Treatments for / management of Cataracts:
Cataracts can be removed via surgery in which the deteriorated lens is removed and replaced by an artificial lens (intra ocular lens-IOL), usually made of plastic or siliconr. This is currently the only proven effective treatment. If a person has cataracts in both eyes then normally one eye would be treated first and the other would be operated on after the recovery process of the first procedure. This is a low risk surgery but details should be discussed with your specialist. In early stages of cataracts where symptoms are mild, your sight can be helped with brighter lights and stronger glasses but this is only a temporary fix. The eventual requirement for surgery is usually inevitable. If you have cataracts but still meet the official ‘visual standards for driving’ (see the government website link below) and are not experiencing an increased sensitivity to glare, you are not required to inform DVLA of having cataracts past or present.
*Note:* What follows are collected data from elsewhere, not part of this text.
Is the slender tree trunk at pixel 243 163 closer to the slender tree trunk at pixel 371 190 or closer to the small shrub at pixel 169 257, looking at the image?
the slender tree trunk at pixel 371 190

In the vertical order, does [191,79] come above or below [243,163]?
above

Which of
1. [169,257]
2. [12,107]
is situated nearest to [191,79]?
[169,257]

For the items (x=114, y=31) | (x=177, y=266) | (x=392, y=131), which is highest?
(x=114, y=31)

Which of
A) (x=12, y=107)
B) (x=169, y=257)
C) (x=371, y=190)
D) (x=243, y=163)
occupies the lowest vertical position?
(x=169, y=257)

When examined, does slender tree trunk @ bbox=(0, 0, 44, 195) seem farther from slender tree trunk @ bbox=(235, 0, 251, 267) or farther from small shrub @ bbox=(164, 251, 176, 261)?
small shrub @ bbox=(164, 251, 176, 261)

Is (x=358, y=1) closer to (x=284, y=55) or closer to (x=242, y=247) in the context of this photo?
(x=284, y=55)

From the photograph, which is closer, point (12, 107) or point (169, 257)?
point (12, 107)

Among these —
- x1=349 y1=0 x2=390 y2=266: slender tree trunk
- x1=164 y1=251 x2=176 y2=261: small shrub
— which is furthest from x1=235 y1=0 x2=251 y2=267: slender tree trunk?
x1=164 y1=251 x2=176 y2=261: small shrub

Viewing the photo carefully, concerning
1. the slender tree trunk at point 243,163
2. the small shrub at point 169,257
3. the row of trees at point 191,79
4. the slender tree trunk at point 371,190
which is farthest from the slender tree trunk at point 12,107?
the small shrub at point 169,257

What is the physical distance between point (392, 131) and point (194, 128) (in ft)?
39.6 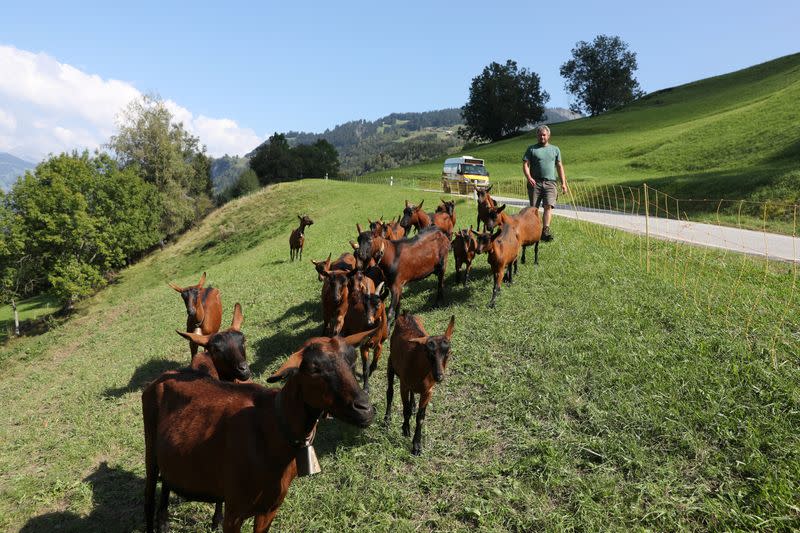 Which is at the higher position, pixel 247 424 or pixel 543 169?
pixel 543 169

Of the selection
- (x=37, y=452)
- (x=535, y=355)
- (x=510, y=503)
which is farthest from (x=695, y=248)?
(x=37, y=452)

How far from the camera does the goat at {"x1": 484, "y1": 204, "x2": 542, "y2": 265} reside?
11.9 metres

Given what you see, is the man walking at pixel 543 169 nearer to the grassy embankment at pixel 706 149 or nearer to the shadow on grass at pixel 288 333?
the grassy embankment at pixel 706 149

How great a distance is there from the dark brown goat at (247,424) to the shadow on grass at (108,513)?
1378 millimetres

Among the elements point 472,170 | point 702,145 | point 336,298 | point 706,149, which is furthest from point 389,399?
point 702,145

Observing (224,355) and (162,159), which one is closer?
(224,355)

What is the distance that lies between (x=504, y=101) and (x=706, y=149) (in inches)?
2538

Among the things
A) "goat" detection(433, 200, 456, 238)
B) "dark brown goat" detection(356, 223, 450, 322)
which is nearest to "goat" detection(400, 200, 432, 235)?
"goat" detection(433, 200, 456, 238)

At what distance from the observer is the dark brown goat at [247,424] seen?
127 inches

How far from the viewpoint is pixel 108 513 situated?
5789 millimetres

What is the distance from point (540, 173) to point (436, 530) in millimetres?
9999

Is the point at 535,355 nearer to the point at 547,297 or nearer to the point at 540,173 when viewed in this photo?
the point at 547,297

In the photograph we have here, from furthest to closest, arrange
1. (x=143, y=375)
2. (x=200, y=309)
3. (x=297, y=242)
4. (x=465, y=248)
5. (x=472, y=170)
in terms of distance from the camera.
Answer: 1. (x=472, y=170)
2. (x=297, y=242)
3. (x=465, y=248)
4. (x=143, y=375)
5. (x=200, y=309)

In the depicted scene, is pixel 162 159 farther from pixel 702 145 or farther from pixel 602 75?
pixel 602 75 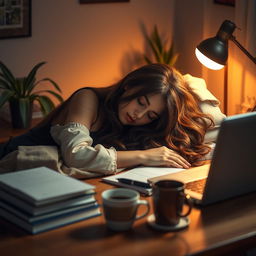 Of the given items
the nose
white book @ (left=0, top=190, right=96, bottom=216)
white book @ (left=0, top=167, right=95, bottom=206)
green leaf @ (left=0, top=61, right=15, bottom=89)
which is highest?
green leaf @ (left=0, top=61, right=15, bottom=89)

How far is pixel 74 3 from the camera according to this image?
3.88 metres

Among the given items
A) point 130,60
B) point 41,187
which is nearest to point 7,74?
point 130,60

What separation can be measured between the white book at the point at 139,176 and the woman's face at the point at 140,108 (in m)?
0.30

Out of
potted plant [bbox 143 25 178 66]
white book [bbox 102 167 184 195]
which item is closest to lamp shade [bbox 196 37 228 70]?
white book [bbox 102 167 184 195]

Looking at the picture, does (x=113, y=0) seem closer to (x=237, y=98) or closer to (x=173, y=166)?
(x=237, y=98)

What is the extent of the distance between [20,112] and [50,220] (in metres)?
1.80

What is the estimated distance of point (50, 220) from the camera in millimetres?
1667

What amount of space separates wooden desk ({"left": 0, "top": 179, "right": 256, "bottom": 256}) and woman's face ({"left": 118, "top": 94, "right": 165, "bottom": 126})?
2.42 ft

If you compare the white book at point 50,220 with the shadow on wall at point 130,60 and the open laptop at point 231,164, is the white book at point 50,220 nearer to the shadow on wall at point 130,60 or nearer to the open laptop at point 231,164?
the open laptop at point 231,164

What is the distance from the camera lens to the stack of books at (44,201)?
164cm

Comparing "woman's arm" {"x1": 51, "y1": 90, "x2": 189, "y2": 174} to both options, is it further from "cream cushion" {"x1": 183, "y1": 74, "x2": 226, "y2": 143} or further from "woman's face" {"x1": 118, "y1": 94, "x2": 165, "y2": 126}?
"cream cushion" {"x1": 183, "y1": 74, "x2": 226, "y2": 143}

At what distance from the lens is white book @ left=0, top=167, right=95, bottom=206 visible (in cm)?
164

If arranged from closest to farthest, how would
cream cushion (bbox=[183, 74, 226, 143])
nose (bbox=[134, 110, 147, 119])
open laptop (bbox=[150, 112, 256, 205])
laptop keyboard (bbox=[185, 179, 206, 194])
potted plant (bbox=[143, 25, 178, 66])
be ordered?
open laptop (bbox=[150, 112, 256, 205])
laptop keyboard (bbox=[185, 179, 206, 194])
nose (bbox=[134, 110, 147, 119])
cream cushion (bbox=[183, 74, 226, 143])
potted plant (bbox=[143, 25, 178, 66])

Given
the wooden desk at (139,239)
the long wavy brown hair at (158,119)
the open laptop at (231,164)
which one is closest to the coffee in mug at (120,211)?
the wooden desk at (139,239) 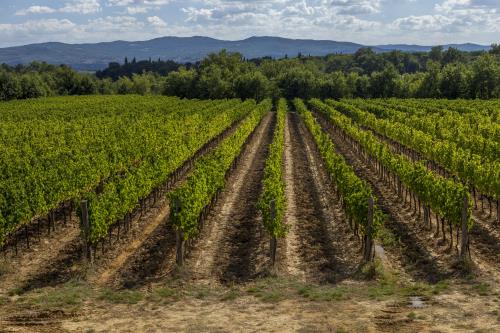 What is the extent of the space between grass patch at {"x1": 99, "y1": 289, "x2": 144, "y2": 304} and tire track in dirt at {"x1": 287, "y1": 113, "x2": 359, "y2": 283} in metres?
4.95

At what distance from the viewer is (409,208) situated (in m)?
24.5

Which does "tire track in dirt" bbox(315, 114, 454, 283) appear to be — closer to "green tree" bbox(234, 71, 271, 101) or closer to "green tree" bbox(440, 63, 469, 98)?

For babies and small children it is more common (especially when both eyes are affected) to prescribe external visual aids like contact lenses or glasses after surgery to compensate for vision problems caused by the removal of the lens (instead of replacing the lens with an IOL). Ophthalmologists recommend this particularly for babies under 12 months of age as IOL insertions may cause further complications and increase the risk of requiring further surgery. In fact even when the presence of cataracts is identified in babies / small children, any surgery is delayed until the child experiences sight loss in order to lower such complications. As childhood cataracts is rare, it is difficult to predict how much of a child’s vision will improve after treatment. Many are likely to have reduced vision in the affected eye(s) even after treatment but will be able to attend mainstream school and live full lives. Your child will have regular routine check ups for monitoring purposes and any potential further action required (e.g. adjusting strength of contact lenses / glasses, further medical procedures, etc.). The NHS website provides various guidance and details on childhood cataracts, its treatment, management and medical procedures.
Prevention / risk factors:
Most people tend to develop cataracts over the age of 65 while a significant number are affected in their 40s-50s. Cataracts can also affect people of younger age groups (including children) but this is less common. The exact cause of cataracts is currently unknown. Risk factors include; having diabetes, traumatic eye injuries, some prescription drugs (e.g. steroids), smoking, family history of cataracts, drinking too much alcohol, and having high myopia (being very short sighted). Surgery for a retinal problem will likely cause cataracts in the affected eye at some point in the future. People with learning disabilities are also more likely to develop cataracts. Thus, the same prevention measures for diabetes are recommended. For children it is essential that parents / guardians pay close attention to any signs of sight problems in their recently born babies / children and report to their GP promptly. Also all children under the age of 16 years are offered free sight tests every 2 years so naturally ensuring attendance to these would be beneficial.